▶ _Exercise_: Beginning with the line below that contains "Old Fort Frederick" and ending with the line that contains "Double Line Gold plated Polki Necklace set", retype every line exactly. Pictures are not copied.

▶ _Exercise inputs_:
[Start of section]

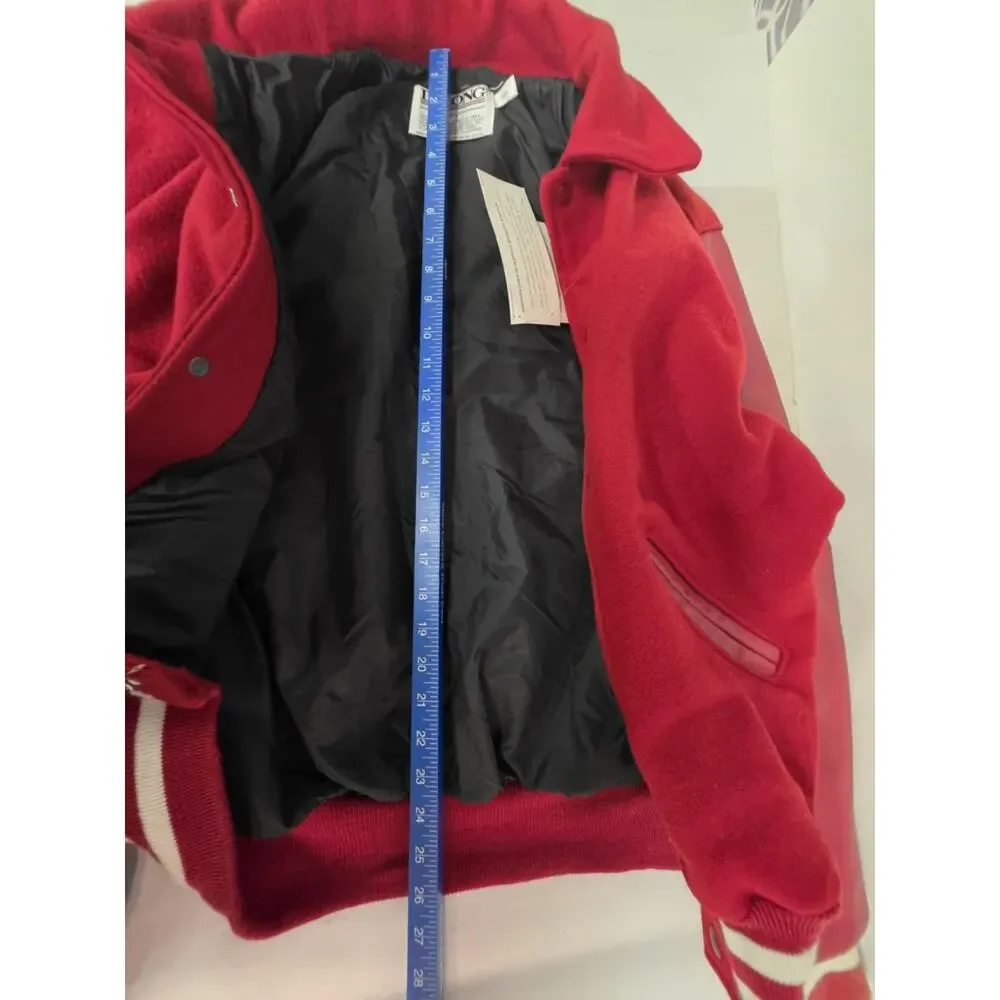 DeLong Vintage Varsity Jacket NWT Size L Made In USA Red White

[End of section]
[Start of section]

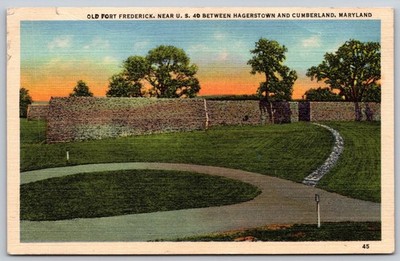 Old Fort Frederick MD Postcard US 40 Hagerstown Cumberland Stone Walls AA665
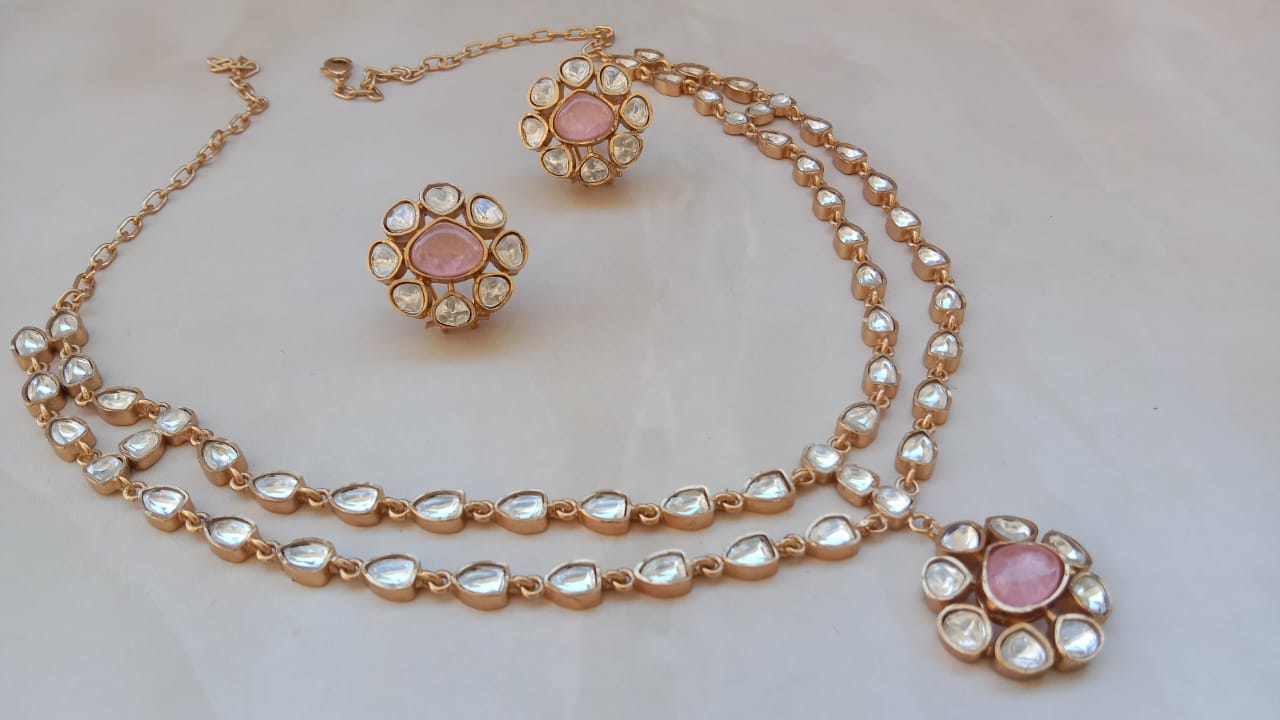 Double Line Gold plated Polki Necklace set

[End of section]

▶ _Result for this exercise_:
 Old Fort Frederick MD Postcard US 40 Hagerstown Cumberland Stone Walls AA665
 Double Line Gold plated Polki Necklace set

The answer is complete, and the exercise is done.